§ **Task directions**: Within the listing below, the lines to output run from the one containing "दया र मिरुनाको" through the one containing "Hot Sell Good"; copy them exactly and nothing else.

═════ Entries shown ═════

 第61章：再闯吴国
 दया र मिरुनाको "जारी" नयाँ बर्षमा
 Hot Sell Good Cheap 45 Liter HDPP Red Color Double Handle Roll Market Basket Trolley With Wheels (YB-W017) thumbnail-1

═════
═════ Entries shown ═════

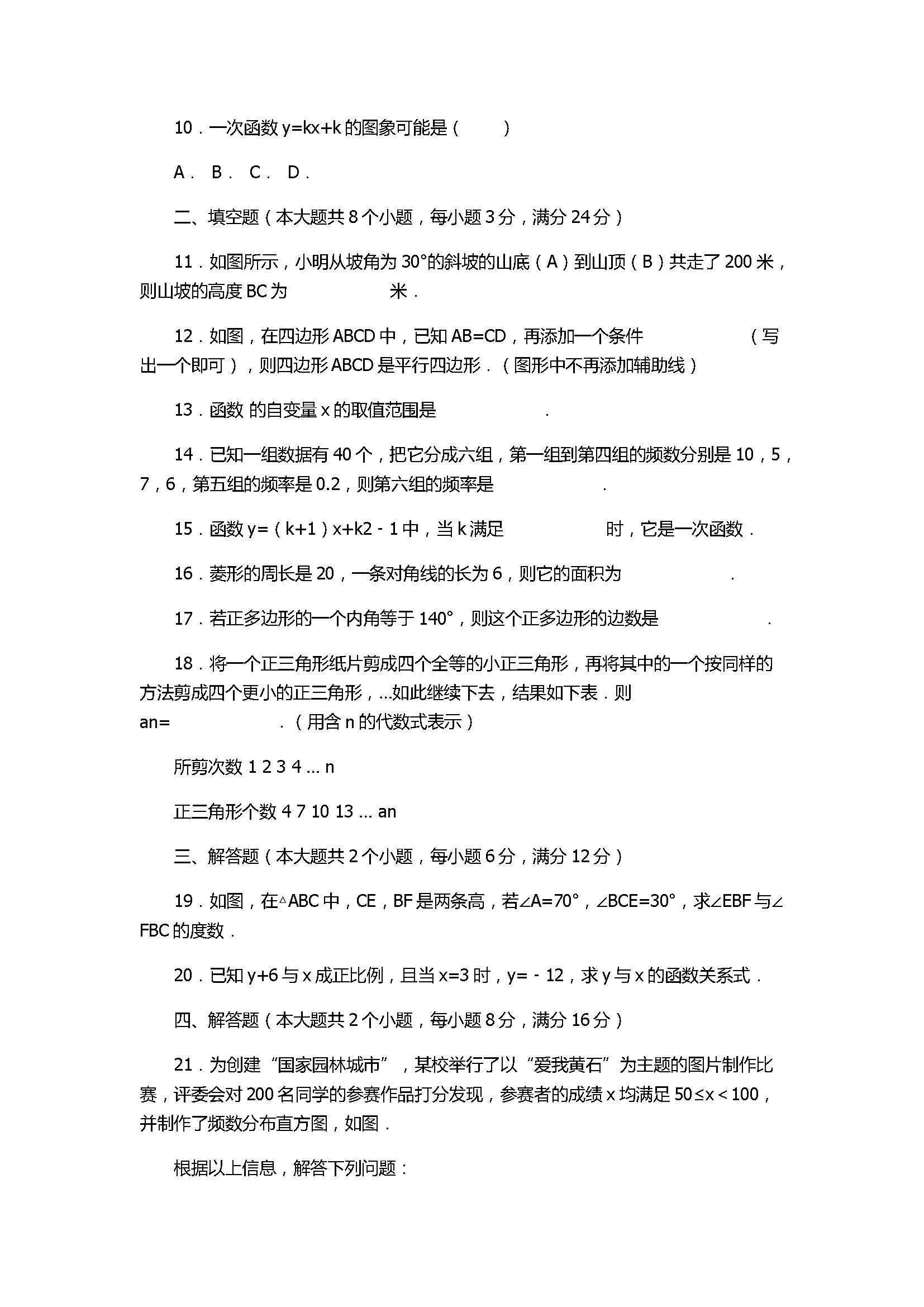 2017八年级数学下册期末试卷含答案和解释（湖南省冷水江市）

═════
═════ Entries shown ═════

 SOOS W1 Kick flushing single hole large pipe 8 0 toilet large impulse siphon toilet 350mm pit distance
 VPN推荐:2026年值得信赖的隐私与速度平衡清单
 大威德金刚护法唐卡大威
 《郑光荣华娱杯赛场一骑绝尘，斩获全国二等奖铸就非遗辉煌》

═════

§ **Answer space**:
 दया र मिरुनाको "जारी" नयाँ बर्षमा
 Hot Sell Good Cheap 45 Liter HDPP Red Color Double Handle Roll Market Basket Trolley With Wheels (YB-W017) thumbnail-1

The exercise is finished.